はい。教師が多忙で精神的に消耗していればいるほど、ダークペダゴジーに頼る危険性は高まります。すでに有名な話ですが、日本の教員には「世界一多忙」と呼ばれる勤務実態があります。OECDの世界規模教員調査TALIS 2013によると、日本の中学校教員の勤務時間は1週約54時間で、調査参加国平均の約38時間を大幅に上回っています。

2017年4月に公表された文部科学省の全国調査でも平日の勤務時間は小学校教諭で11時間、中学校教諭で11時間半を超えていました。これは民間労働者の平均在社時間(2007年現在)である9時間15分と比べて相当に長いといえます(注4)。土日の勤務時間も増加傾向にあり、「過労死ライン」とされる週60時間労働超(残業時間月80時間超)の状況にある教諭が小学校で約3割、中学で約6割に上ります。

さらに、前述の文科省調査によると、この10年で1日あたりの勤務時間は30分〜40分増加しています。他の調査によると勤務時間の増加にともなって減少しているのが睡眠時間で、平均で5時間台となっています(注5)。2002年からは完全週休2日制が実施されましたが、他方で年間授業時間数が増加するなどで授業時数確保のために平日が超多忙化し、夏休みなどの長期休暇期間も短縮され、休みであるはずの土日も部活動指導が入るなど、多忙化状況は相変わらずです。いじめ問題や学校事故などに対する意識の高まりにともなって校務の量も増加しています。

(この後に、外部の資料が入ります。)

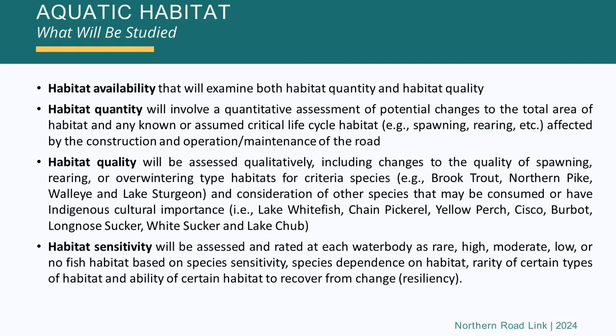We also look at habitat quality in a qualitative way — meaning not with numbers. So we're looking at changes to the quality of spawning areas, rearing areas where young are taken care of, or overwintering habitats for different species that are important, like brook trout, northern pike, walleye, and lake sturgeon. We also consider other species that may not be criteria species but are regularly consumed or harvested by community members — these could be lake whitefish, pickerel, perch, cisco, burbot, sucker, longmouth sucker, white sucker, and lake chub.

そうしたなかで教員の精神的健康に関しても非常に厳しい現状があります。我々が2014年度に行った全国10地域の教員調査では、7割以上の教員が「問題をかかえている子どもに手を焼くことがある」と答えています。「自分の教育・指導の効果について疑問や無力感を感じる」と答えた教員も4割を超えており、精神的に疲弊して仕事への熱意を失う「燃え尽き症候群(バーンアウト・シンドローム)」の危険域に達していると判断される教員も4割に上りました。

この結果は他の7つの教員調査でも確認されている日本の教員の一般的傾向です(注6)。前述のTALIS調査においても「指導に対する自信」は参加国の中で最低となっており、自己研鑽に対する意欲は高い一方、校務に束縛されて研修に参加できていない現状があります。